## SUPPLIED ENTRIES
......

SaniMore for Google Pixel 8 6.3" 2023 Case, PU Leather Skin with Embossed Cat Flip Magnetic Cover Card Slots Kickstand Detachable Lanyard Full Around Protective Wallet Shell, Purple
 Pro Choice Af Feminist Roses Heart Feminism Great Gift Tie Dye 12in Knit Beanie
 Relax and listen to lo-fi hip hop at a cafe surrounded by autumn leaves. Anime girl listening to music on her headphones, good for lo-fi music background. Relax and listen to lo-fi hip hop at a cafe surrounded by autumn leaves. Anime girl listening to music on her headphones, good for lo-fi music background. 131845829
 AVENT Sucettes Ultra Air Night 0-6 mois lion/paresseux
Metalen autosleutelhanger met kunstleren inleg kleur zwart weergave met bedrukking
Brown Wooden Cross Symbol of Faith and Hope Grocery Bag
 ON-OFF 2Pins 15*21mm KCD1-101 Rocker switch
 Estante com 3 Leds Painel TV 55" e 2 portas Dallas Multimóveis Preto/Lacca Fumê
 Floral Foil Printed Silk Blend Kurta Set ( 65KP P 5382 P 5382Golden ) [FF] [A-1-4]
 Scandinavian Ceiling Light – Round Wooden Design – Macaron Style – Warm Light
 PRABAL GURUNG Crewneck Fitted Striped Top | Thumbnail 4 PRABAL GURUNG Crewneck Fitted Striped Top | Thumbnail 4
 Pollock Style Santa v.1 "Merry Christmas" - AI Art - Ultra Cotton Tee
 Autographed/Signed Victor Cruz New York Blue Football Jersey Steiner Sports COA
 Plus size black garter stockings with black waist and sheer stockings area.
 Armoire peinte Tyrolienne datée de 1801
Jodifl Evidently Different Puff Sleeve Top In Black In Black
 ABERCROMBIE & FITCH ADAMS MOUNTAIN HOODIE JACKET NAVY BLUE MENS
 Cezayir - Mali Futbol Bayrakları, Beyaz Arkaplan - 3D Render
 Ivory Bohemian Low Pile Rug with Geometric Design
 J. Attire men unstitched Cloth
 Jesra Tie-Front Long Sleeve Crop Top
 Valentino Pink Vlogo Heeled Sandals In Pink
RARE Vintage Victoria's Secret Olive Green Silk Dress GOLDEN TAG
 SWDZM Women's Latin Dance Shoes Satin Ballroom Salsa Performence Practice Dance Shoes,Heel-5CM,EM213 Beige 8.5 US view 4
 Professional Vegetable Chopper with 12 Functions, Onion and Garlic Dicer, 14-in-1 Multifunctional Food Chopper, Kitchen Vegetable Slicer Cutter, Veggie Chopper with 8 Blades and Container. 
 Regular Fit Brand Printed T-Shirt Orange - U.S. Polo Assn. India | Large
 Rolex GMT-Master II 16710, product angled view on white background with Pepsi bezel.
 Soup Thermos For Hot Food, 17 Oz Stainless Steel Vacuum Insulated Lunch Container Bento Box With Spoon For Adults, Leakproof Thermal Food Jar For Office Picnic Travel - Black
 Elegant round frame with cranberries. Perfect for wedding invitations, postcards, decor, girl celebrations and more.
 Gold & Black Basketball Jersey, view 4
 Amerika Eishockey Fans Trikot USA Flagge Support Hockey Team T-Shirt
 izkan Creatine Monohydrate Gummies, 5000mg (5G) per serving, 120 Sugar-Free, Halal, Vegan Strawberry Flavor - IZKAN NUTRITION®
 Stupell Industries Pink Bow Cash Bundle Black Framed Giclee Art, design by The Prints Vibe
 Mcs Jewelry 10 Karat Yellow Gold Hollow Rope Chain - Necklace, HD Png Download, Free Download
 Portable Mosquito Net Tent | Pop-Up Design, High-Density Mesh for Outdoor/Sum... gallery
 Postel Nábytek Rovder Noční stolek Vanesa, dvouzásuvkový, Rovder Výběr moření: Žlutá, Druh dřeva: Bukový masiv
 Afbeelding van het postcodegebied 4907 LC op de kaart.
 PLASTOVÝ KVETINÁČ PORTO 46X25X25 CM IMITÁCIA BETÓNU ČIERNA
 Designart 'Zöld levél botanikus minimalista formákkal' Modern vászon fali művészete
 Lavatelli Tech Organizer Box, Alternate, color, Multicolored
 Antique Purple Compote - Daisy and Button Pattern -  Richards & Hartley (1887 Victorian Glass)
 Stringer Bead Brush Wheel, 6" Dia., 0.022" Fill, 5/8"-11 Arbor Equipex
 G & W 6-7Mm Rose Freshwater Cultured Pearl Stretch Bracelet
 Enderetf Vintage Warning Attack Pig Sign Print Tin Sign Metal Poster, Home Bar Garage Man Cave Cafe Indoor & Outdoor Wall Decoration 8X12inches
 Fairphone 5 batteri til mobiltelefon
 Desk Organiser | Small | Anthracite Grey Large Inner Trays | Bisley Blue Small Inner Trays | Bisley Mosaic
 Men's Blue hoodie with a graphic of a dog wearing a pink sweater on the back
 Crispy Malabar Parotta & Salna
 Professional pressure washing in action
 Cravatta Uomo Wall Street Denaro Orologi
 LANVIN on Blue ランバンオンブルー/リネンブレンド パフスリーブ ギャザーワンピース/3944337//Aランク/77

......

## WORK ORDER
Without any alteration, repeat the entire listing.

## TASK RESPONSE
SaniMore for Google Pixel 8 6.3" 2023 Case, PU Leather Skin with Embossed Cat Flip Magnetic Cover Card Slots Kickstand Detachable Lanyard Full Around Protective Wallet Shell, Purple
 Pro Choice Af Feminist Roses Heart Feminism Great Gift Tie Dye 12in Knit Beanie
 Relax and listen to lo-fi hip hop at a cafe surrounded by autumn leaves. Anime girl listening to music on her headphones, good for lo-fi music background. Relax and listen to lo-fi hip hop at a cafe surrounded by autumn leaves. Anime girl listening to music on her headphones, good for lo-fi music background. 131845829
 AVENT Sucettes Ultra Air Night 0-6 mois lion/paresseux
Metalen autosleutelhanger met kunstleren inleg kleur zwart weergave met bedrukking
Brown Wooden Cross Symbol of Faith and Hope Grocery Bag
 ON-OFF 2Pins 15*21mm KCD1-101 Rocker switch
 Estante com 3 Leds Painel TV 55" e 2 portas Dallas Multimóveis Preto/Lacca Fumê
 Floral Foil Printed Silk Blend Kurta Set ( 65KP P 5382 P 5382Golden ) [FF] [A-1-4]
 Scandinavian Ceiling Light – Round Wooden Design – Macaron Style – Warm Light
 PRABAL GURUNG Crewneck Fitted Striped Top | Thumbnail 4 PRABAL GURUNG Crewneck Fitted Striped Top | Thumbnail 4
 Pollock Style Santa v.1 "Merry Christmas" - AI Art - Ultra Cotton Tee
 Autographed/Signed Victor Cruz New York Blue Football Jersey Steiner Sports COA
 Plus size black garter stockings with black waist and sheer stockings area.
 Armoire peinte Tyrolienne datée de 1801
Jodifl Evidently Different Puff Sleeve Top In Black In Black
 ABERCROMBIE & FITCH ADAMS MOUNTAIN HOODIE JACKET NAVY BLUE MENS
 Cezayir - Mali Futbol Bayrakları, Beyaz Arkaplan - 3D Render
 Ivory Bohemian Low Pile Rug with Geometric Design
 J. Attire men unstitched Cloth
 Jesra Tie-Front Long Sleeve Crop Top
 Valentino Pink Vlogo Heeled Sandals In Pink
RARE Vintage Victoria's Secret Olive Green Silk Dress GOLDEN TAG
 SWDZM Women's Latin Dance Shoes Satin Ballroom Salsa Performence Practice Dance Shoes,Heel-5CM,EM213 Beige 8.5 US view 4
 Professional Vegetable Chopper with 12 Functions, Onion and Garlic Dicer, 14-in-1 Multifunctional Food Chopper, Kitchen Vegetable Slicer Cutter, Veggie Chopper with 8 Blades and Container. 
 Regular Fit Brand Printed T-Shirt Orange - U.S. Polo Assn. India | Large
 Rolex GMT-Master II 16710, product angled view on white background with Pepsi bezel.
 Soup Thermos For Hot Food, 17 Oz Stainless Steel Vacuum Insulated Lunch Container Bento Box With Spoon For Adults, Leakproof Thermal Food Jar For Office Picnic Travel - Black
 Elegant round frame with cranberries. Perfect for wedding invitations, postcards, decor, girl celebrations and more.
 Gold & Black Basketball Jersey, view 4
 Amerika Eishockey Fans Trikot USA Flagge Support Hockey Team T-Shirt
 izkan Creatine Monohydrate Gummies, 5000mg (5G) per serving, 120 Sugar-Free, Halal, Vegan Strawberry Flavor - IZKAN NUTRITION®
 Stupell Industries Pink Bow Cash Bundle Black Framed Giclee Art, design by The Prints Vibe
 Mcs Jewelry 10 Karat Yellow Gold Hollow Rope Chain - Necklace, HD Png Download, Free Download
 Portable Mosquito Net Tent | Pop-Up Design, High-Density Mesh for Outdoor/Sum... gallery
 Postel Nábytek Rovder Noční stolek Vanesa, dvouzásuvkový, Rovder Výběr moření: Žlutá, Druh dřeva: Bukový masiv
 Afbeelding van het postcodegebied 4907 LC op de kaart.
 PLASTOVÝ KVETINÁČ PORTO 46X25X25 CM IMITÁCIA BETÓNU ČIERNA
 Designart 'Zöld levél botanikus minimalista formákkal' Modern vászon fali művészete
 Lavatelli Tech Organizer Box, Alternate, color, Multicolored
 Antique Purple Compote - Daisy and Button Pattern -  Richards & Hartley (1887 Victorian Glass)
 Stringer Bead Brush Wheel, 6" Dia., 0.022" Fill, 5/8"-11 Arbor Equipex
 G & W 6-7Mm Rose Freshwater Cultured Pearl Stretch Bracelet
 Enderetf Vintage Warning Attack Pig Sign Print Tin Sign Metal Poster, Home Bar Garage Man Cave Cafe Indoor & Outdoor Wall Decoration 8X12inches
 Fairphone 5 batteri til mobiltelefon
 Desk Organiser | Small | Anthracite Grey Large Inner Trays | Bisley Blue Small Inner Trays | Bisley Mosaic
 Men's Blue hoodie with a graphic of a dog wearing a pink sweater on the back
 Crispy Malabar Parotta & Salna
 Professional pressure washing in action
 Cravatta Uomo Wall Street Denaro Orologi
 LANVIN on Blue ランバンオンブルー/リネンブレンド パフスリーブ ギャザーワンピース/3944337//Aランク/77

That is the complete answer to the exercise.